A lot of hip-hop sites lack real journalism, but not AllHipHop.com, Frasier commented. He asked Creekmur how the site is able to maintain its journalistic content.

“You absolutely have to acknowledge the changes” in audience taste, Creekmur replied. “When we first started, we would do a 2,000-word Q-and-A story,” he said, noting that the website can’t do that now.

Also, he added, “We’ve changed our news voice. It’s a little quicker. We allow the writers a little more freedom. We don’t do AP [Associated Press] style any more, like we used to. We are embracing video much more.”

Creekmur added that the site had always embraced video, but, he said, “Now we are looking to video as the future model for us, going forward.

“I absolutely think there is a future to journalism. I don’t think we need to lose that because people don’t want to read. I think you can still engage the user [in a way] that … makes them read, or you repackage it [the content] in another form and still give them that information,” he said.

In response to an audience member’s question, Creekmur said that for his website, content has always been king, but it’s increasingly difficult to keep up with. “Artists are hard to get at.
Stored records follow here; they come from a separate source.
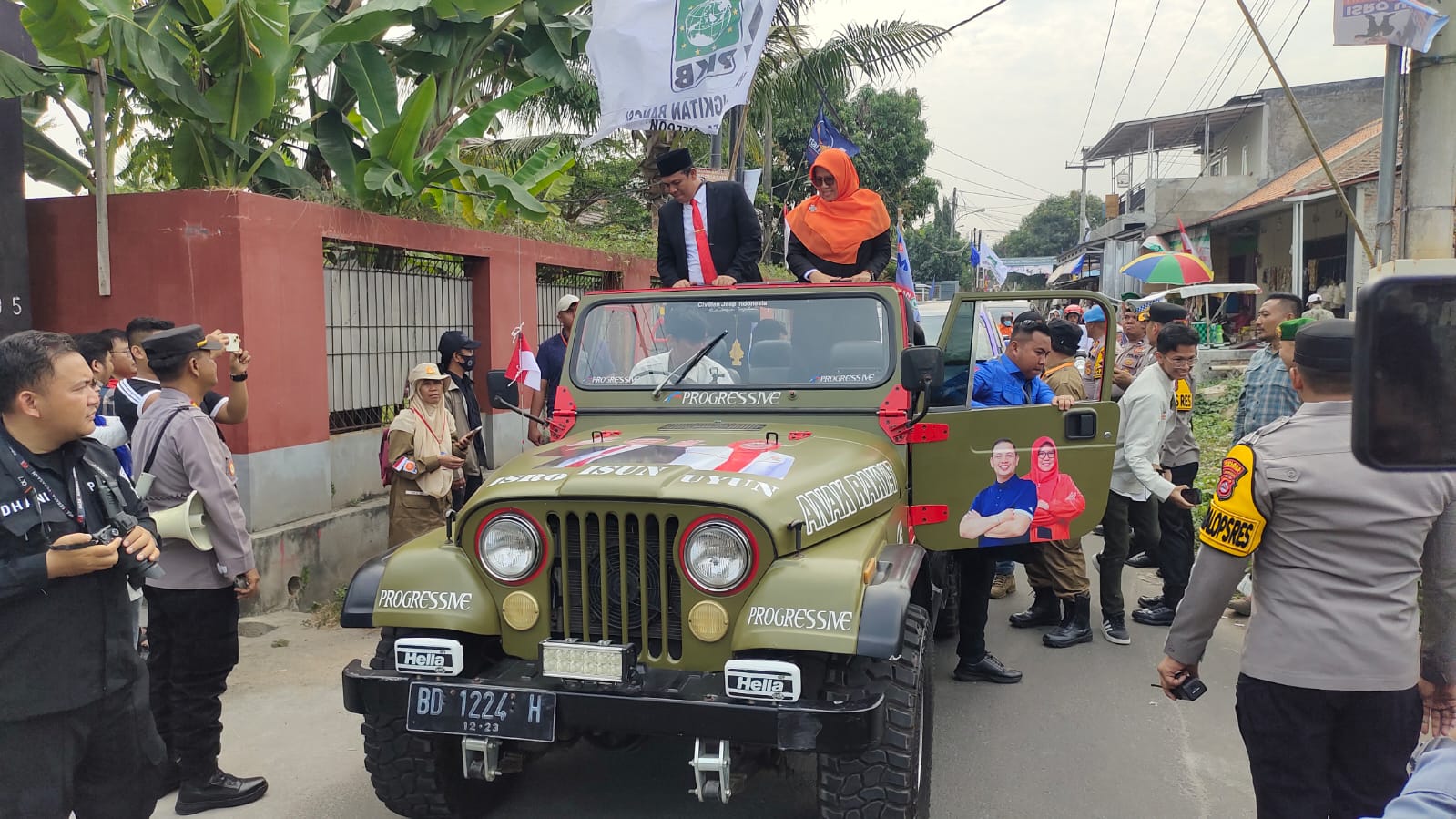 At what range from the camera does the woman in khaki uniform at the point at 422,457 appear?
5914mm

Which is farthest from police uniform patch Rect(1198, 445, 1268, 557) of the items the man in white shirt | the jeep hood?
the man in white shirt

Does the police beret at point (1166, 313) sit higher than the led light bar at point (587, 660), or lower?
higher

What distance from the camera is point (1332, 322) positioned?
8.47 feet

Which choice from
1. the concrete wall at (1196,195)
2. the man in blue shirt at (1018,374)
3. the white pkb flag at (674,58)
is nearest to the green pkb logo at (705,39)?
the white pkb flag at (674,58)

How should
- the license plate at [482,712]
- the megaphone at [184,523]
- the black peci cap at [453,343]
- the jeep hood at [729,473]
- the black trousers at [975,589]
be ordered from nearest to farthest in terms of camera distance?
the license plate at [482,712] → the jeep hood at [729,473] → the megaphone at [184,523] → the black trousers at [975,589] → the black peci cap at [453,343]

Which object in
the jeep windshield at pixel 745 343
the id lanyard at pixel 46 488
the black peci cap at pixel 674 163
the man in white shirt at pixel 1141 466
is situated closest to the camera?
the id lanyard at pixel 46 488

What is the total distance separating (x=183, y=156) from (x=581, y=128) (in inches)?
398

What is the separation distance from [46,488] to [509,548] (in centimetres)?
127

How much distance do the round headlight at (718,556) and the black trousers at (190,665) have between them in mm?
1863

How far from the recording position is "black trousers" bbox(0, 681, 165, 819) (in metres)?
2.63

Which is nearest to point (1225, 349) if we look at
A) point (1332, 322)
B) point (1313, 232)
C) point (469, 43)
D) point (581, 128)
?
point (1313, 232)

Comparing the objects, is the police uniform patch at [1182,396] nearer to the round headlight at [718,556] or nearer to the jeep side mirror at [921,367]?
the jeep side mirror at [921,367]

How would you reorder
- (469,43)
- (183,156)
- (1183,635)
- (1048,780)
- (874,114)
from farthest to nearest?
1. (874,114)
2. (469,43)
3. (183,156)
4. (1048,780)
5. (1183,635)

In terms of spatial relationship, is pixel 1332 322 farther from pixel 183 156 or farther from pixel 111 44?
pixel 183 156
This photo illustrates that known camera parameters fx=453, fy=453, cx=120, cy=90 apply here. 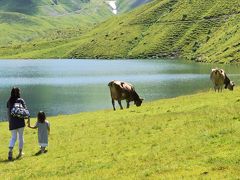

The content is almost real time, it moves so fast now.”

“However, we have an archive that is out of this world. We were recording interviews before YouTube, before that was a real platform. We used [a] RealAudio player — things that are archaic now. We just wanted to have the footage. We didn’t do it nearly as much as I now wish we had.”

Another audience member asked what Creekmur sees as the future of monetizing online communities that revolve around a hobby or interest.

Creekmur pulled no punches, noting that there may be a ceiling for those communities: “I’ll be honest with you — we are looking at that. Right now display ads aren’t doing well. You get paid well for mobile and video. We have some things we need to work out right now in our company, like relaunching the site and addressing mobile in a serious way, and then we are going to try to create apps — like an ‘Angry Birds’ — that have no hip-hop identity. You won’t even know it’s us.”